The fileencoding setting shows the current buffer's encoding:
:set fileencoding
fileencoding=utf8
There really isn't a common way to determine the encoding of a plaintext file, as that information isn't saved in the file itself - except UTF-8 Files where you've got a so called BOM which indicates the Encoding. This is why xml and html files have charset metatags.

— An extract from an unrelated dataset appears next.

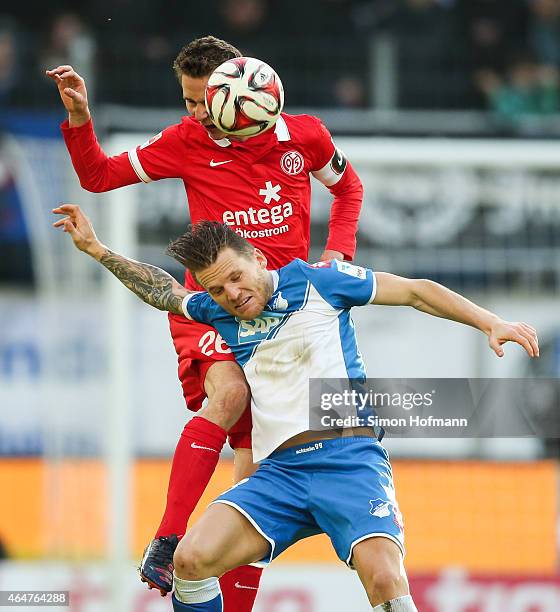 Niko Bungert of Mainz is challenged by Eugen Polanski of Hoffenheim during the Bundesliga match between 1899 Hoffenheim and 1. FSV Mainz 05 at Wirsol...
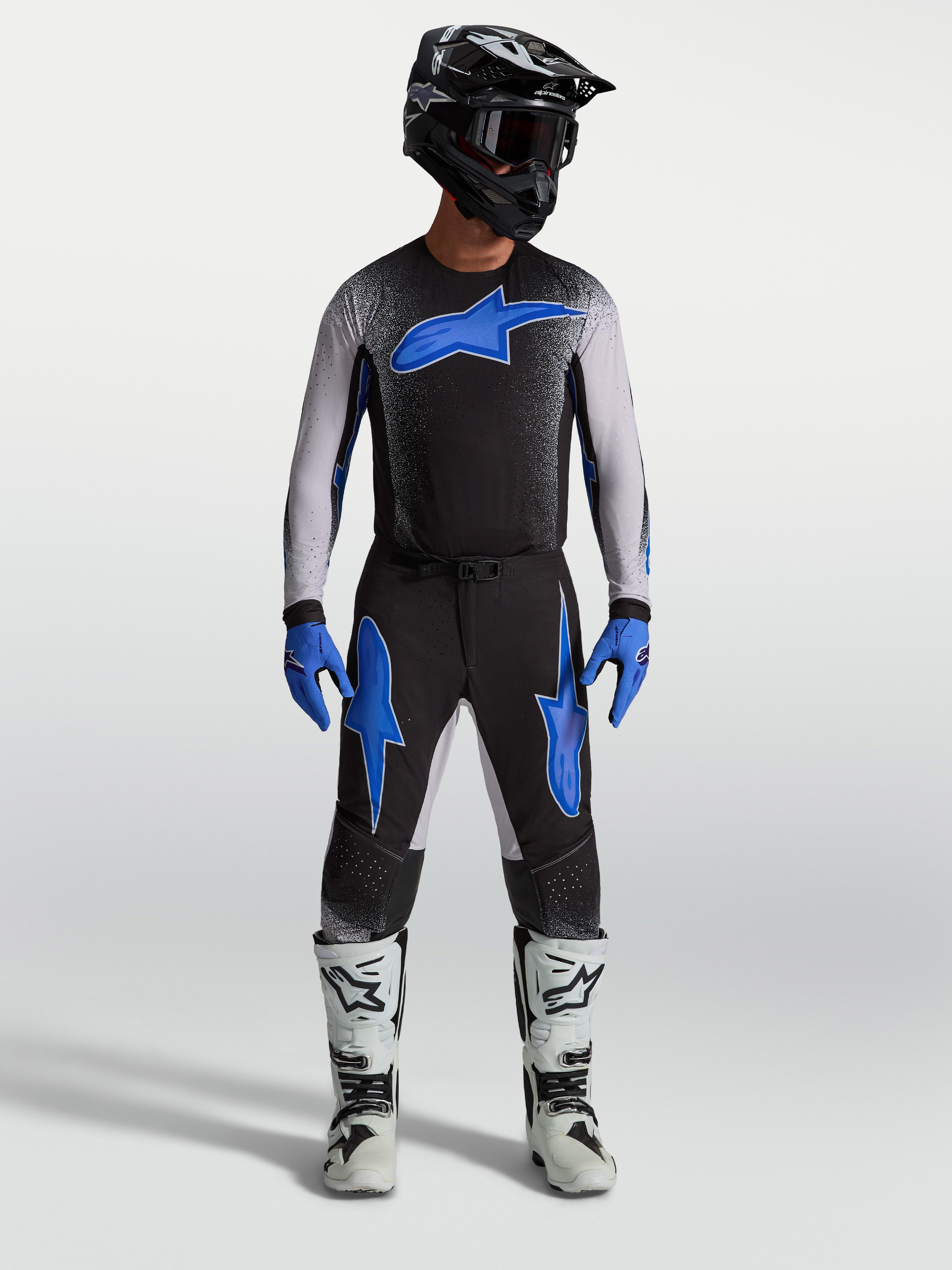 Pantalones Alpinestars Supertech Hiten AFD, equipo de motocross negro y azul, con jersey a juego y botas de carreras blancas.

You can enforce a particular encoding with the 'encoding' setting. See :help encoding
and :help fileencoding
in Vim for how the editor handles these settings. You can also add several fileencoding settings to your vimrc to have vim try detecting based on the ones listed.
-
7Unfortunatelly, not correct. For Vim cannot find the encoding of the file you're reading. It is not written in the file. It can only guess based on the available characters in the file. For example a file with the text "abcdef" can be in several encodings, since practically all support those characters, but a file with "šđčćž" will likely be in CP1252. So, you're not reading the encoding from somewhere, but guessing what encoding could that be, and based on that displaying it properly. – Rook Aug 24 '09 at 14:29
-
6What you are doing here is explicitly setting the encoding, based on your observations of the file's contents. If you wish for vim to try several encoding, when opening a file, put several of them in the option in your _vimrc. – Rook Aug 24 '09 at 14:32
-
@ldigas, thanks for the feedback, I've updated the answer to be a bit more clear on that (I hope!) – jtimberman Aug 24 '09 at 15:18
-
I only wish that the answer were this easy. It's not, see my answer below for the 'right' way and explanation. – dotancohen Dec 26 '13 at 7:00
-
2Probably worth mentioning that BOMs are 1.) Not unique to UTF-8 -- though UTF-8's is distinct from other BOMs, 2.) Not required and often not found in UTF-8. – ruffin Oct 16 '14 at 15:09
Note that files' encoding is not explicitly stated anywhere in a file. Thus, VIM and other applications must guess at the encoding. The canonical way of doing this is with the chardet
application, which can be run from within VIM as so:
:!chardet %
The answer provided by jtimberman shows you the encoding of the current buffer which may not be the same encoding as the file on disk. Thus, you will notice that chardet
will sometimes show a different encoding than VIM, especially if you have VIM configured to always use a specific encoding (i.e. UTF-8).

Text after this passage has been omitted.